Visitors to the Willmar Education and Arts Center have been given the chance to see those paintings, ranging from the surreal to the serious, in the art exhibit “Paints and Pots.” The show, a dual exhibit featuring the work of both Serrano and potter Hiep Nguyen, is being held by the Willmar Area Arts Council through January.

Serrano started drawing when she was a child and by the time she was in elementary school became aware of the great love she had for art.

“It sort of snowballed,” Serrano said. “I never stopped drawing after that.”

She took various art classes in high school and continued that when she attended Ridgewater College.

“I took a lot of painting classes there,” as she worked on her associate degree, Serrano said. “That’s where I got the interest to paint.”

It was also at Ridgewater where she was introduced to oil paints, a new medium for Serrano. She found acrylic paints too fast and plastic-like. With oils, Serrano found a medium with which she could really express herself.

“It is such a slow, vibrant medium,” Serrano said, and allowed her to create the paintings she envisioned in her mind. “I fell in love with it.”

Serrano has been painting with oils since around 2016, and has captured a myriad of subjects in those paintings. At the “Paints and Pots” exhibit, there are several small paintings of musicians, a portrait of a girl with ravens in her hair, a chicken eating a drumstick and duck that looks like the composer Beethoven.

“Inspiration comes from everything and everywhere,” Serrano said. “Sometimes I just think up a wacky idea.”

She has always had a love of birds, and her art reflects that. At the WEAC exhibit, Serrano has a series of realistic bird paintings paired with recordings of the birds’ calls.

She has also taken inspiration from her Mexican culture, including a few photos of pigs painted in the style of Talavera pottery. She created a large painting of a girl in traditional dress, in tribute of Serrano’s grandmother.

“It’s all over the place; it thinks in color, it likes music,” Serrano said of her inspirations.

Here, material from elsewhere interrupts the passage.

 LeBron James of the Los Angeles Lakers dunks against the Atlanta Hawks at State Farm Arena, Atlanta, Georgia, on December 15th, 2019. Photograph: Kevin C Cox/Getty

Painting is a chance for Serrano to stretch her creative muscles and share a bit of herself with those around her. It allows her to create. If the opportunity arose that allowed Serrano to make a career out of art she would, but regardless she has no intention of putting down her paintbrush.

“Art has always been escapism, a relief to just do something,” Serrano said. “For me, art is an emotional release.”

Serrano urges others to give art a try. She is a firm believer that anyone can make art.

“Anyone can draw; anyone can do art,” Serrano said. “It takes the time, dedication and will to put pen to paper.”

And who knows, you might just stumble upon a new passion.

“Just do it,” Serrano said. “You never know what you can create or what you will fall in love with.”